The respondent also tried to ask for asylum, but they didn’t listen to him.

“I tell him ‘please sir, I am really…I have a really bad situation, this is my sixth time you catch me, so please this time give me one chance, give me stay in Zagreb’. He is laughing for me, he told me ‘this is not my job, my job is only to stop you’. I tell him ‘sir, you don’t help us, you only forward my message to the senior, another person’.”

“I told him ‘I am not a terrorist. I know I am illegal(ly) cross your border in your country, but I don’t like your country, I am not a terrorist, I don’t touch your everything, your village, your people, I am only going in your land to cross the border again, go to Italia, France, Europe’. He told me ‘this is not my job’. Again I told him ‘please, kindly forward my message to another person, to your senior’. He was laughing for me. He told me ‘you come again, again and again, thirty times’. I tell him ‘sir, I die the thirty time. This is my six time, I don’t have any more energy.’”

When the van with the two officers arrived, they drove the people to a police station, and again no personal information or pictures were taken. They stayed there for a while, and then the same officers brought the group to the border.

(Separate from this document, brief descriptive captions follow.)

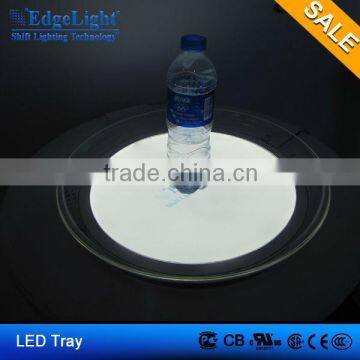 EdgeLight Plastic Lighted Flashing LED Tray led serving tray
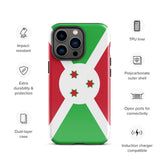 Burundi Burundian Flag iPhone Case 15 14 13 12 11 Pro Max Plus Mini Gift Travel Souvenir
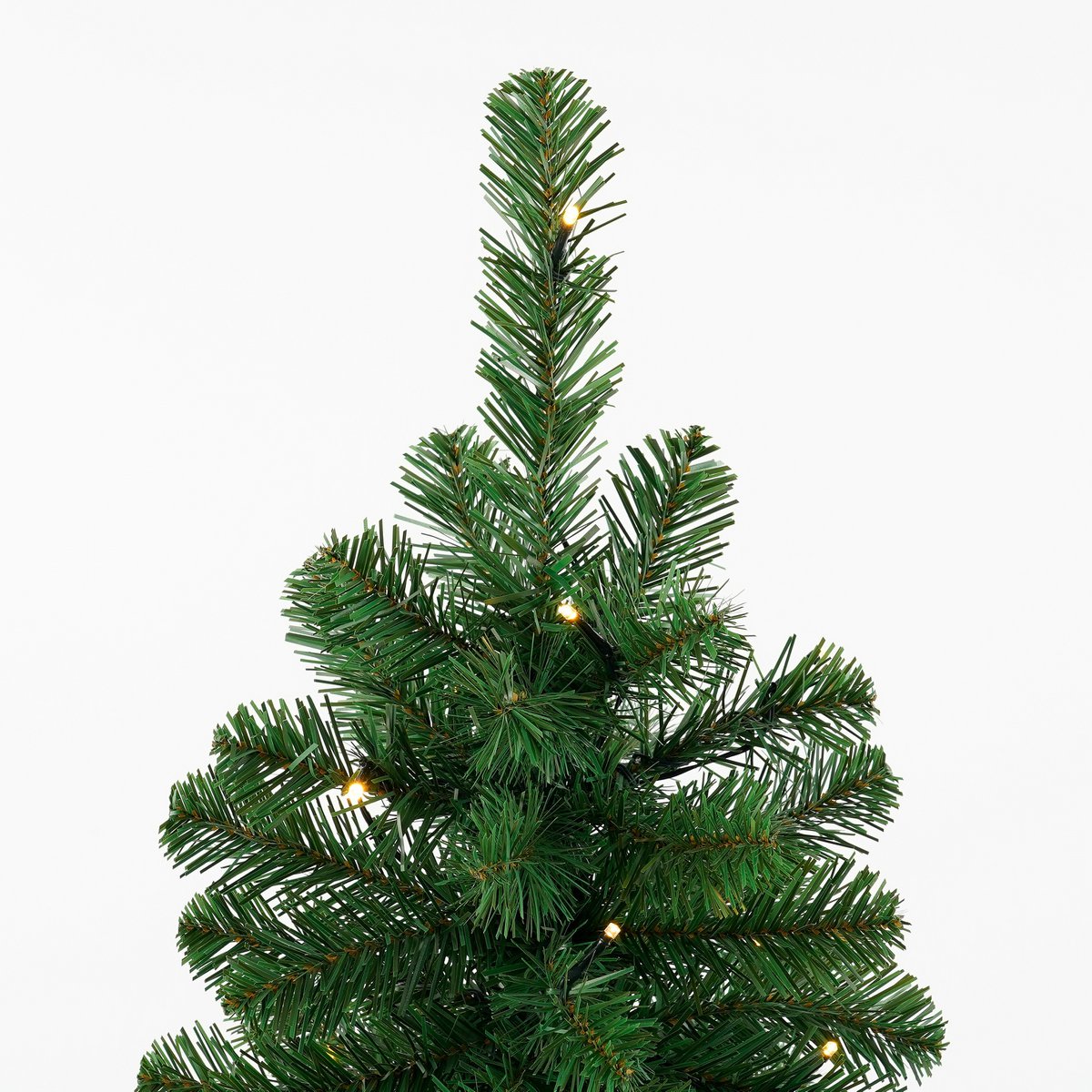 Künstlicher Weihnachtsbaum im Topf mit LED-Beleuchtung – H90 x Ø50 cm – Grün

There, there were six or seven officers. Half of them were wearing face masks. Four vans were also present: what the respondent calls “ambulance van,” two “deport vans,” and one smaller van—all of them in white with the “Policija.” Also, in that location, the respondent saw a container.

Again, after the group had to form two lines, the police dog was released, and the people started running in the darkness. According to the respondent’s reconstruction of the events, it was about eight pm on the 29th of October.

“One have a dog. He told me ‘make two lines!’ The police tell ‘don’t come to this side again’. They open the dog, and people are running and running…”

Afterward, some people of the group managed to take a taxi to go back to Bihac.